Since 2000, eight women have driven race cars in the NTT INDYCAR SERIES, with a record four earning starting positions in the 2010, 2011 and 2013 Indianapolis 500s.
Recent participation has been limited, with Tatiana Calderon the only woman to have competed in a series race so far this season. That changes this weekend when Simona De Silvestro drives the No. 16 Paretta Autosport Chevrolet in the Sonsio Grand Prix at Road America presented by AMR. Calderon drives the No. 11 ROKiT/AJ FOYT RACING Chevrolet.
With Calderon scheduled for 12 races this season and De Silvestro three, the NTT INDYCAR SERIES has its most entries for women drivers since 2015 when De Silvestro and Pippa Mann combined for nine starts.
“I’m super happy to see another female driver joining the grid, to see women in motorsport,” Calderon said. “I think it’s great for the series, great for the sport. (De Silvestro) is another very competitive driver joining the grid that is already quite competitive.”
This will be the 70th series start of De Silvestro’s career.
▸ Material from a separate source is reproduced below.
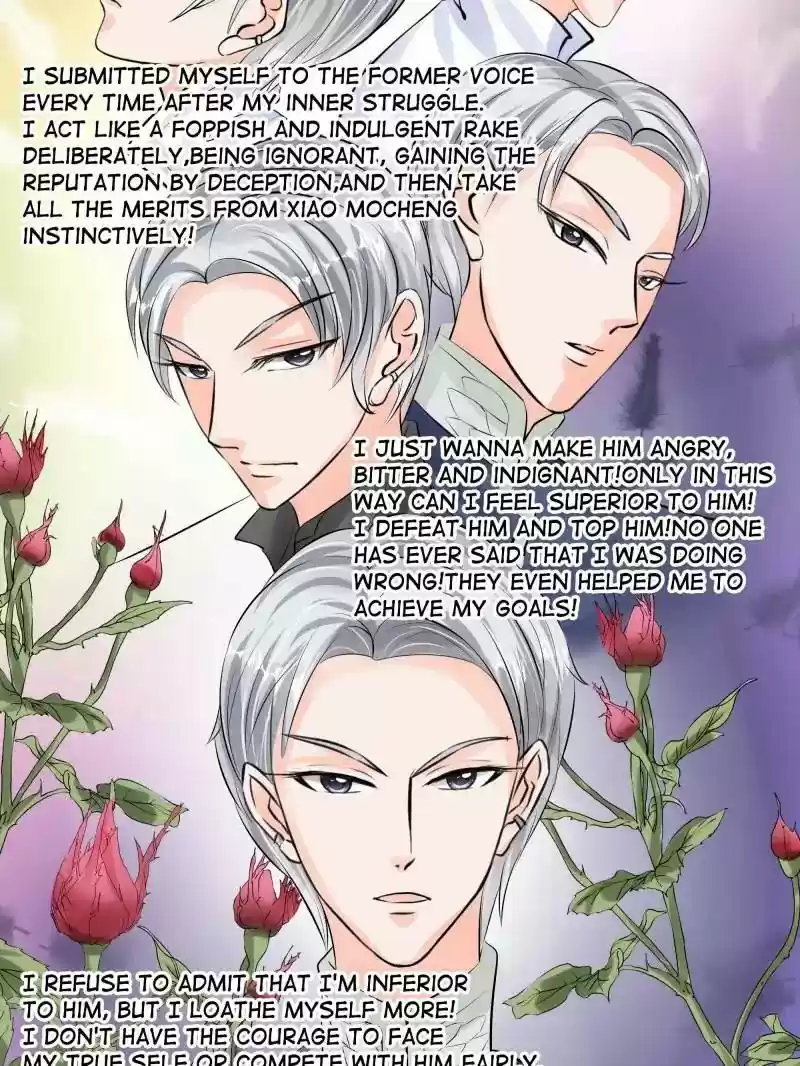 Warlord Husband: Shenshen is Gonna be the Winner Chapter 40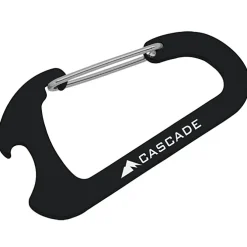 Carabiner Bottle Opener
She has scored top-five finishes on street circuits and ovals, highlighted by a second-place finish in a Houston street race in 2013. She was Rookie of the Year at the “500” in 2010.
Paretta Autosport, owned by veteran motorsports executive Beth Paretta, set a new standard for women participating in the “500” last year when she introduced the female-forward team. Women served in numerous roles on the team, including several on the pit crew that serviced De Silvestro’s car. Several of those women have gone on to even bigger roles in the sport, and some are on the team’s car this weekend.
“I think if (Paretta) wouldn’t have put this program together, I don’t think these women would be in those positions now,” De Silvestro said. “I think that’s really something special … something that Beth can really be proud of.”
De Silvestro is at Road America this weekend because of Paretta’s continued effort. It will be only the second NTT INDYCAR SERIES race for the 33-year-old Swiss driver since 2015.
“Yeah, I’m super pumped,” De Silvestro said. “(Paretta) is an amazing person; I wouldn’t be here without her from that point of view. I think all of the women involved (with the team) I think we’re pretty grateful for her really fighting for this and getting it going.”
A decade ago, women driving in the NTT INDYCAR SERIES had success. Sarah Fisher won a pole at Kentucky Speedway in 2002, and Danica Patrick, a two-time pole winner, won the 2008 race at Twin Ring Motegi Speedway in Japan. Those two raced against each other for six seasons before Fisher drove her last series race in 2010.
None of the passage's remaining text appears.